*** Data provided Section Begins ***

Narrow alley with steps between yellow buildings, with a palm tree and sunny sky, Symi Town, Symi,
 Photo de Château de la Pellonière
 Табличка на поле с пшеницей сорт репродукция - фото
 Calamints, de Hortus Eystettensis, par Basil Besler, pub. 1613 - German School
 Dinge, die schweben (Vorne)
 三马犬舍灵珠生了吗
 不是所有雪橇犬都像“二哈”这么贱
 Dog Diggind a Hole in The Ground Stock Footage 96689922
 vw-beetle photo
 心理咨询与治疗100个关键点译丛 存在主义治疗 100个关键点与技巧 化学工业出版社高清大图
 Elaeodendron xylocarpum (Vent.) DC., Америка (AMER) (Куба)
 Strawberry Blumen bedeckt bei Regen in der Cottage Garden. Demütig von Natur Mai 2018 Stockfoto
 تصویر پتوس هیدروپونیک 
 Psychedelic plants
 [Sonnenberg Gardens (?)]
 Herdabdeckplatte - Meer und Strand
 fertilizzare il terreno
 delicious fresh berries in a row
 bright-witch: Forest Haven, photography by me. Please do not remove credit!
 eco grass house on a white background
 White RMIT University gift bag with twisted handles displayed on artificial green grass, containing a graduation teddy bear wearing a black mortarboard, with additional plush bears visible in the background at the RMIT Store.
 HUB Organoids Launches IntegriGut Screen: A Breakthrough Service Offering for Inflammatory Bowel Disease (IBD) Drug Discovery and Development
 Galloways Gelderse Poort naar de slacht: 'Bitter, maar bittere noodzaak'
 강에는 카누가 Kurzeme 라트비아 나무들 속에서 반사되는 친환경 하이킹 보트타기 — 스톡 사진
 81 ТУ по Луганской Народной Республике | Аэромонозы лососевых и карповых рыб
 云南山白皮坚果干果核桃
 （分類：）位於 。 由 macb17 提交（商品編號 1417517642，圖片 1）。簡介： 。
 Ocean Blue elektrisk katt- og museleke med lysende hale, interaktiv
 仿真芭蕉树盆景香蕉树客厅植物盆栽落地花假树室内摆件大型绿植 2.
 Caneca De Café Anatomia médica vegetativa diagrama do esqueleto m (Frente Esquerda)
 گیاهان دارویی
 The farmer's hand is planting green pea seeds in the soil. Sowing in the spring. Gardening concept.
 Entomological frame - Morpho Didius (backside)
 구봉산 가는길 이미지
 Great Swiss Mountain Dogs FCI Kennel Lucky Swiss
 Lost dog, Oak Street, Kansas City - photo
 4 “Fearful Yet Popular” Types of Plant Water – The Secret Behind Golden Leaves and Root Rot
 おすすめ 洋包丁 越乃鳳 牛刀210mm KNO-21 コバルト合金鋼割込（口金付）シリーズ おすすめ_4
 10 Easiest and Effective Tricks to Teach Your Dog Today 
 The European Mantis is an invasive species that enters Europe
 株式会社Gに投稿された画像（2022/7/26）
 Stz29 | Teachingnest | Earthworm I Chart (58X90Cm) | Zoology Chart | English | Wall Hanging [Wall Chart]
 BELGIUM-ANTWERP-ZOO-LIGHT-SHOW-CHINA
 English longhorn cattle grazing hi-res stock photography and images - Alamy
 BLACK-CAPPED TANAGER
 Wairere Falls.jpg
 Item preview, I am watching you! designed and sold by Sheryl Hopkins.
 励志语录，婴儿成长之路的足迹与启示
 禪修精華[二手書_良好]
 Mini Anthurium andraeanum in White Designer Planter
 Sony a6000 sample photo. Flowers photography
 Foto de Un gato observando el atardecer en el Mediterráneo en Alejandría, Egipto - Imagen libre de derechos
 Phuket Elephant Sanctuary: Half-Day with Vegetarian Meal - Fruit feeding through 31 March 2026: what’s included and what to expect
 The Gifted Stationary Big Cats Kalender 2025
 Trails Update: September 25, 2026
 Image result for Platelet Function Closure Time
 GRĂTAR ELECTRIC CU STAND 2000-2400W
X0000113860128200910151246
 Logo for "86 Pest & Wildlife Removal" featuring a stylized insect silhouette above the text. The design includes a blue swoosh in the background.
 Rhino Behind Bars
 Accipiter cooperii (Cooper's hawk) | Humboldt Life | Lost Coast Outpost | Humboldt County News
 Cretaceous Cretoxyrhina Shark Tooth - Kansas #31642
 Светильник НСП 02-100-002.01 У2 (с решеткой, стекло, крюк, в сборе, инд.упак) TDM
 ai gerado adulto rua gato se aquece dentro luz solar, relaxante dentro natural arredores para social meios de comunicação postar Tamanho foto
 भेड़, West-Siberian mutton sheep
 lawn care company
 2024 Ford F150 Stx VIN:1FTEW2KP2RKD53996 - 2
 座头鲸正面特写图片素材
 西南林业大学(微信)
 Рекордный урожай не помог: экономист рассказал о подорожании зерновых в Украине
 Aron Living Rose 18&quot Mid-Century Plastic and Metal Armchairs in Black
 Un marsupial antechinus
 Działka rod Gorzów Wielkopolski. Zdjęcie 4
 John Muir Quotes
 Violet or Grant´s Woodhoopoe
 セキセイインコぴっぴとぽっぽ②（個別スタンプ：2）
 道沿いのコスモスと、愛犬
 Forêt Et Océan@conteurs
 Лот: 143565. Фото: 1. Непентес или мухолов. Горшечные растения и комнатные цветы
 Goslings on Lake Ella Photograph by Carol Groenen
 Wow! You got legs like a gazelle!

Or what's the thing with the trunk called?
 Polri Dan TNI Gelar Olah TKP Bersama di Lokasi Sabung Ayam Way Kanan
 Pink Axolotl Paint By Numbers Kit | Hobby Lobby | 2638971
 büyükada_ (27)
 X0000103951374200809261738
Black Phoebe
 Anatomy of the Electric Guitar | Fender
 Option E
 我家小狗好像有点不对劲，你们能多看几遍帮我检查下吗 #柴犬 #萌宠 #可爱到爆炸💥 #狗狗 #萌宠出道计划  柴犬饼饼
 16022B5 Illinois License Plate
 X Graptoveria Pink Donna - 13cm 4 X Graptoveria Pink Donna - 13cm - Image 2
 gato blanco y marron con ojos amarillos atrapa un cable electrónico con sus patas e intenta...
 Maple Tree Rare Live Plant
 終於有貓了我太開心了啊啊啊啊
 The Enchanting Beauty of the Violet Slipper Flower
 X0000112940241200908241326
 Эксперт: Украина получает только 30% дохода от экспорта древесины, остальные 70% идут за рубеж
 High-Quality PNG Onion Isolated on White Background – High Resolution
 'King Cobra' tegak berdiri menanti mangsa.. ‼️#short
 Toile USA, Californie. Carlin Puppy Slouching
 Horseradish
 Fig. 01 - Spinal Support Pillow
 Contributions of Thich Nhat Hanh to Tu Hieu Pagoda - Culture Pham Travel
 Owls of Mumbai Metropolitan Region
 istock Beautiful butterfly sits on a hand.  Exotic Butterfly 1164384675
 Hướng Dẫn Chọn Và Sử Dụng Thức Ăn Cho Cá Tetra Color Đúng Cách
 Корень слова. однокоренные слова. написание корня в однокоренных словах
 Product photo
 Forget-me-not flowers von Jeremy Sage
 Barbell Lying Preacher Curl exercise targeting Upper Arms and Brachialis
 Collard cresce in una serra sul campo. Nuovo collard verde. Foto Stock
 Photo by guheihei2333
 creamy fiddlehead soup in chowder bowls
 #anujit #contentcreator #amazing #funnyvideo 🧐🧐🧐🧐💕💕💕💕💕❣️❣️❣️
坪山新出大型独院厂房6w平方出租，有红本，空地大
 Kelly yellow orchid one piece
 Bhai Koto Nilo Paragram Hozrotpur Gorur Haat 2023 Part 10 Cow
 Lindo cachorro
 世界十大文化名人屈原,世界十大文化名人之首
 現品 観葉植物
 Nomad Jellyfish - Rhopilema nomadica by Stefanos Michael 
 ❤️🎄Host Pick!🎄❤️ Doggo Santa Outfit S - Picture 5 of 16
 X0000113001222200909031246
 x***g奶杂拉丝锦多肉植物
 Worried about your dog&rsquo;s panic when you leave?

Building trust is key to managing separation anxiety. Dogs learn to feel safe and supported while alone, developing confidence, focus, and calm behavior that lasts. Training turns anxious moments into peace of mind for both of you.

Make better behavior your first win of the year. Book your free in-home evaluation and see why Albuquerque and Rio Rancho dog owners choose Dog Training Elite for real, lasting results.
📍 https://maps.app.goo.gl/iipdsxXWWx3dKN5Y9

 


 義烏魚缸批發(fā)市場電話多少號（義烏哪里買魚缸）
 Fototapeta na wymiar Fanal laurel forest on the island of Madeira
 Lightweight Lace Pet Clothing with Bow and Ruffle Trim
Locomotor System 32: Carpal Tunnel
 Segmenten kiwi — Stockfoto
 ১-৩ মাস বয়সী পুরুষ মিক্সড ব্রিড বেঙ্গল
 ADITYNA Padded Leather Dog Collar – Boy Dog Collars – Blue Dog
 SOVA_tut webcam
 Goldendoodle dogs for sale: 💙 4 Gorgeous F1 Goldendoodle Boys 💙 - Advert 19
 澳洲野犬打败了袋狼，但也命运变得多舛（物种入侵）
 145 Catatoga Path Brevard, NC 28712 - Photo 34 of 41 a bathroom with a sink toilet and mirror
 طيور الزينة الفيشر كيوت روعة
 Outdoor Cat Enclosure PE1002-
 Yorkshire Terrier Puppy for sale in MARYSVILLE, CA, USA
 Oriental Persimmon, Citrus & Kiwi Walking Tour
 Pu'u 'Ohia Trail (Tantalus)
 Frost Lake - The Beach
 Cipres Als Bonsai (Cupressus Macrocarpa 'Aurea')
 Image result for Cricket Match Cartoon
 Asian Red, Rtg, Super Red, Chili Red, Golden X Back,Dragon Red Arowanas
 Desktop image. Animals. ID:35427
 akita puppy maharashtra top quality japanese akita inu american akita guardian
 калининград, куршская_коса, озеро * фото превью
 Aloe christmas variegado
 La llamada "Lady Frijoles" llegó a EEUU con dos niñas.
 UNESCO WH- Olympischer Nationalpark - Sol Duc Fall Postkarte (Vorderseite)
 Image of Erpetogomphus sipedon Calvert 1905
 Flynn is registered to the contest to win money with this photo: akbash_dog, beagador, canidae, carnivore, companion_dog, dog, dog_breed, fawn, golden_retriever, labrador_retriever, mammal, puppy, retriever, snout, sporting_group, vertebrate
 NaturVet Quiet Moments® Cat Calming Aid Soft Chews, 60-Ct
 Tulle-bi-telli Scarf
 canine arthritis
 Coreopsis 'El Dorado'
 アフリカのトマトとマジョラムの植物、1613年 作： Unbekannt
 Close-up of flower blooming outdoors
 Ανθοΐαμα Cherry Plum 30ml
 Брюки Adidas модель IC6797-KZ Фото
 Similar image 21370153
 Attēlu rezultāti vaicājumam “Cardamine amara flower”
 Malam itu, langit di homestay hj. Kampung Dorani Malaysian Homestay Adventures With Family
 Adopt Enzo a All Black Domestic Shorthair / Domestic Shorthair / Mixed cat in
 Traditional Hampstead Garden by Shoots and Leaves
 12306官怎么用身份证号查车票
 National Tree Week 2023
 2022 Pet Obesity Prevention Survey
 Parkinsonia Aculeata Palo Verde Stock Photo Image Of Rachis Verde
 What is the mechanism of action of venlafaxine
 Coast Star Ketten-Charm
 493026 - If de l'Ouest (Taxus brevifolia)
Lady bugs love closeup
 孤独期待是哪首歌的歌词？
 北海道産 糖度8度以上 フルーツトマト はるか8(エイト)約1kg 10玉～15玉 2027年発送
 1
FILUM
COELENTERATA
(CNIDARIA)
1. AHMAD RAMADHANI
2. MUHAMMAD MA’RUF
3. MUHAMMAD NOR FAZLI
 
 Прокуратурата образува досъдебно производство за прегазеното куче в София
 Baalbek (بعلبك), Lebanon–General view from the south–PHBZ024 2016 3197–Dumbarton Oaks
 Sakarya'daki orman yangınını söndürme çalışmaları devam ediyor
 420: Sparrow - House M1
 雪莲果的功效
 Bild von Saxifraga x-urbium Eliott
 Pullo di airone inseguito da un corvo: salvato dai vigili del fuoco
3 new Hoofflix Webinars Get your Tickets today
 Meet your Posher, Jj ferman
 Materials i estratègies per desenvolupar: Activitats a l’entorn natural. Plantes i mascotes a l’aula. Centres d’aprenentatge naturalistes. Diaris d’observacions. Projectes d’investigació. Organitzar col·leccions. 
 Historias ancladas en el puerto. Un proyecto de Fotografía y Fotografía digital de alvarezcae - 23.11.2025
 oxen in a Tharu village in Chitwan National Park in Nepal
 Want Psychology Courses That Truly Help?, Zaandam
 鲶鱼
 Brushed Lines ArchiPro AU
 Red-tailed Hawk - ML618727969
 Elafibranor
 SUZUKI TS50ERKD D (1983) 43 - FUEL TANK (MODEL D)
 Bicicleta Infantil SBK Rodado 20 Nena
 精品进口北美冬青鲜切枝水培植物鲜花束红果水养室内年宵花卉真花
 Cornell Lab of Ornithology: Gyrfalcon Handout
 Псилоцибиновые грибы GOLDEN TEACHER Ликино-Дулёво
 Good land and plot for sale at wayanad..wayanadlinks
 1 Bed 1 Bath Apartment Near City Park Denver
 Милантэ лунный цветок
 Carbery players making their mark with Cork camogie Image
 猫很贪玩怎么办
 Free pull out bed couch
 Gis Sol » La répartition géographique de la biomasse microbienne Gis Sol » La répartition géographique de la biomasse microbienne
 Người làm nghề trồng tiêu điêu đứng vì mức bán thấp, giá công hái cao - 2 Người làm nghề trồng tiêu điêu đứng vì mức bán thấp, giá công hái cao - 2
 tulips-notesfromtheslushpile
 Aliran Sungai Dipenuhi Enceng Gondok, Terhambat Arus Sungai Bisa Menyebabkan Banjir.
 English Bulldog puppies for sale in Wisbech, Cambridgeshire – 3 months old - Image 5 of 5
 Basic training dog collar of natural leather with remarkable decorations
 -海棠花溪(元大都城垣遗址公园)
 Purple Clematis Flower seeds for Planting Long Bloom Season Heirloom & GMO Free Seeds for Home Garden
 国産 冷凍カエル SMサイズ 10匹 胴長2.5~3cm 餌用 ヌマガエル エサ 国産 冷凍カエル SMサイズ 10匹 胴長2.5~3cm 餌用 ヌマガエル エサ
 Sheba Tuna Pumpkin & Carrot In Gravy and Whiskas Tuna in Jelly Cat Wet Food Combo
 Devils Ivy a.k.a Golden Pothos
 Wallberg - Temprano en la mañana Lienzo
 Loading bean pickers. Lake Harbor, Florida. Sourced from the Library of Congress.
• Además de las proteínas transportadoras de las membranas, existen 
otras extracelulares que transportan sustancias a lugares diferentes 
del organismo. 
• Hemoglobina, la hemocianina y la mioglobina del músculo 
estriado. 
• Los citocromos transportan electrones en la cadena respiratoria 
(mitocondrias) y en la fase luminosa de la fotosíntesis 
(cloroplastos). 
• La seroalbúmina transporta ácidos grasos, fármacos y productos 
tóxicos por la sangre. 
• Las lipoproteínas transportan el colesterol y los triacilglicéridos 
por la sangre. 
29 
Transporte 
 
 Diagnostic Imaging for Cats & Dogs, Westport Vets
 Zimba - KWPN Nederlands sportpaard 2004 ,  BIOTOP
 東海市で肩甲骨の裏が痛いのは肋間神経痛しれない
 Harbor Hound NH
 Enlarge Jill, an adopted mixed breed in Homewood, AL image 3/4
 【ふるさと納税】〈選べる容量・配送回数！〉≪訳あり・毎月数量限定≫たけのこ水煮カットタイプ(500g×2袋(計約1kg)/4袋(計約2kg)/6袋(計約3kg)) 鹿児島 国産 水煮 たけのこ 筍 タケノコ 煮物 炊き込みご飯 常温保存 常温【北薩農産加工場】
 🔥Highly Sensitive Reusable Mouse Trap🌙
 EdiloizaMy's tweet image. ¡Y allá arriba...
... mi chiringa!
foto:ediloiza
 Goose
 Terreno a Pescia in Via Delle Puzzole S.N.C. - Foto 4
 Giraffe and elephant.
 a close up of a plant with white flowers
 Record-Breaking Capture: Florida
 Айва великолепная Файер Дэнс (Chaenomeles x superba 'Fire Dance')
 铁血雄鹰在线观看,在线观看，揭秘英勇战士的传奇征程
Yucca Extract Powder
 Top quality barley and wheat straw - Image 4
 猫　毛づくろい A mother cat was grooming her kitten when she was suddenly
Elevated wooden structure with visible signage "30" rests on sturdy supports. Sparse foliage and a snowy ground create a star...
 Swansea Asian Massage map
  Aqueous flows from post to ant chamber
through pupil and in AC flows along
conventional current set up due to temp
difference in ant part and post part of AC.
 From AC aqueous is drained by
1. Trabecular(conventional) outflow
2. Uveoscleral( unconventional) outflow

*** Data provided Section Ends ***

# Exercise directions
In the entries above, the lines from the one bearing "145 Catatoga Path" up to and including the one bearing "Frost Lake - The Beach" should be transcribed exactly; no other line is wanted.

# Expected answer
 145 Catatoga Path Brevard, NC 28712 - Photo 34 of 41 a bathroom with a sink toilet and mirror
 طيور الزينة الفيشر كيوت روعة
 Outdoor Cat Enclosure PE1002-
 Yorkshire Terrier Puppy for sale in MARYSVILLE, CA, USA
 Oriental Persimmon, Citrus & Kiwi Walking Tour
 Pu'u 'Ohia Trail (Tantalus)
 Frost Lake - The Beach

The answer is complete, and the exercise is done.